Cookie wasn't sure why she didn't like Brunette. He seemed nice enough, and she had once kissed him at a party when she was drunk and he was high on downers. He had a kind of charm Bando referred to as unctuousness, and he was fairly good-looking, about six feet tall, with long, dark, wavy hair, dark brown eyes, and heavy eyebrows that joined together above his nose. Cookie always thought he looked like a pirate—he even had a pet parrot until it flew away and settled in Jackson Park—and in general, she liked pirates. But there was something unnerving about him and his creepy parrot. His car was an old hearse, and ever since the day Clay got shot Cookie had been scared of him. One
night not long after Clay's death, she'd been sitting in the park with Bando, drinking pink Chablis out of a brown paper bag, when Brunette staggered by. When he saw Cookie and Bando, he began to laugh crazily and point at them. They ignored him until he went away, and the next day Cookie saw him at Casa in a corner, passed out with his head on the table.

VII.

1975

I was almost glad to go to work. Although Nicky hissing in my ear every second drove me nuts, at least everything was clear to me there—I had to pour coffee, serve food, refill the ketchups, kiss the cook's ass so he wouldn't screw up my orders, listen to people's stories, and that was basically it. There was nothing complicated about it. Except for the fact that I was avoiding Lawrence the cheeseburger guy—who had tried unsuccessfully to phone me a few times—it was simple. When I waited on people, I became a waitress named Rachel who was always perky and helpful. Being me was beginning to seem self-indulgent and petit-bourgeois, as my mother might have put it, so it was great to be someone else, someone who had no emotions except for cheeriness. Work was a relief because it was nothing personal.

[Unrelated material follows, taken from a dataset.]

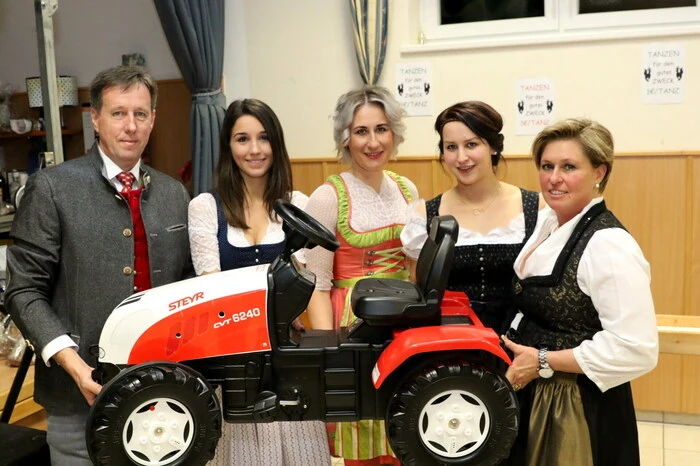 Unter dem Motto „Gurktaler Schmankalan“ hatte die Ortsgruppe unter Cheforganisator Lorenz Obersteiner (links) in den Kultursaal Hochsteiner geladen. 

It was important to be upbeat at Diana's, especially when I worked the counter. There were so many people with
real
problems, not just what my mother referred to as “existential angst” in a withering voice, and it was my job to offer them a little haven, an oasis of joy. I was good at this because it was what my mother had taught me to do, always singing that song to me about putting on a happy face. It made me feel better to spread joy throughout the land, at least in the short term, though sometimes I knew I was hiding upsetting things from myself the way I had thrown Michael's letters under the bed, as if that would write him out of my life story.

Only Oscar, my Jell-O-loving customer, seemed to see through me. One day as I was wiping spilled coffee from the white Formica, he sat at the counter, stowing his cane on the stool beside him, and leaned forward. “What's wrong, honey?”

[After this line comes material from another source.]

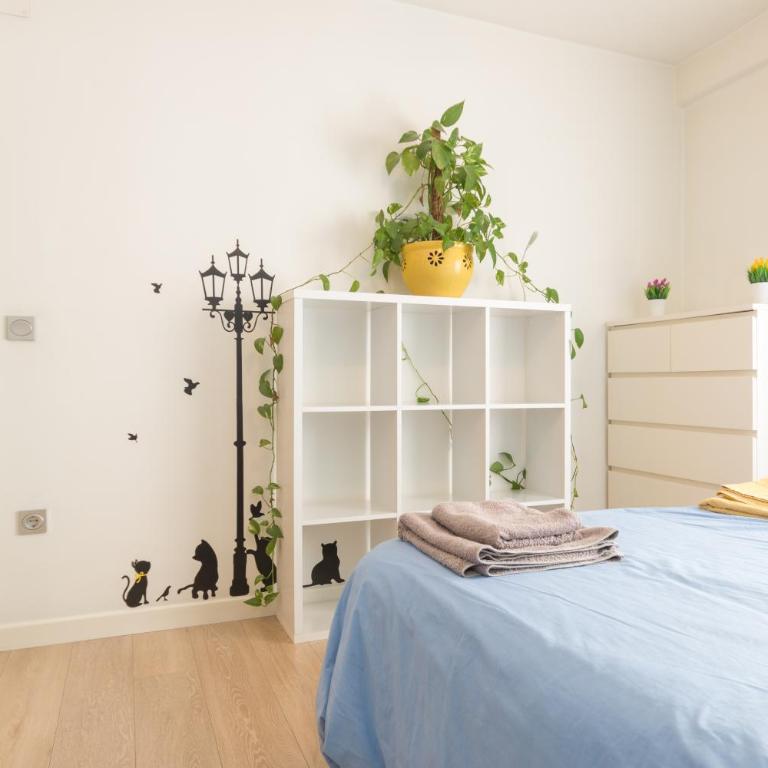 Piso de diseño junto al centro de Murcia con parking - Three-Bedroom Apartment - 12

“What do you mean? Nothing's wrong.”

“You got circles under your eyes.”

“I'm not sleeping too well.”

“And you've lost weight. Are you eating right?”

“Sure. Of course.”

“I understand, you don't want to talk about it. Are your parents all right?”

“They're fine.”

“Is it the job?”

“No. Really, it's all good. Life is great.”

“Life's hard, honey, I know that. A lot of days I don't even feel like getting out of bed.”

I was waiting for him to say something about how we just had to do it anyway, even if we didn't feel like it, but he didn't.

“I think if I'd known how hard life would be, I'd have decided to try something else.” He whinnied and patted me on the hand. “What flavor you got today?”

“Orange.”

“Orange is just what I want.”

I stood and watched him as he ate.

“Honey, let me buy you a grilled cheese sandwich.”

“No, thanks, really. I'm not hungry.”

“A person needs to eat.”

“I do eat. It's just that I—” I was about to mention that I threw up all the time, but caught myself. I didn't think that was suitable counter conversation. “I'm not hungry.”

“You need to keep your strength up.”

“Really,” I said, “I'm fine.”

VIII.

1970

Bando wasn't too thrilled when Rachel and Sebastian became friends. Sebastian had always seemed to dislike Rachel, even though Bando had protested that it wasn't Rachel's fault he was secretly in love with her and that her behavior had been above reproach. Still, Sebastian seemed to feel protective animosity toward her, at least at first. But lately Bando had seen them through the window of Casa Sanchez, having coffee together at the employees' table and laughing. Sebastian had admitted to Bando that he thought Rachel was nice. “Nice?” Bando had said. “Can't you do any better than that?” Sebastian thought for a minute, then said, “Real nice.”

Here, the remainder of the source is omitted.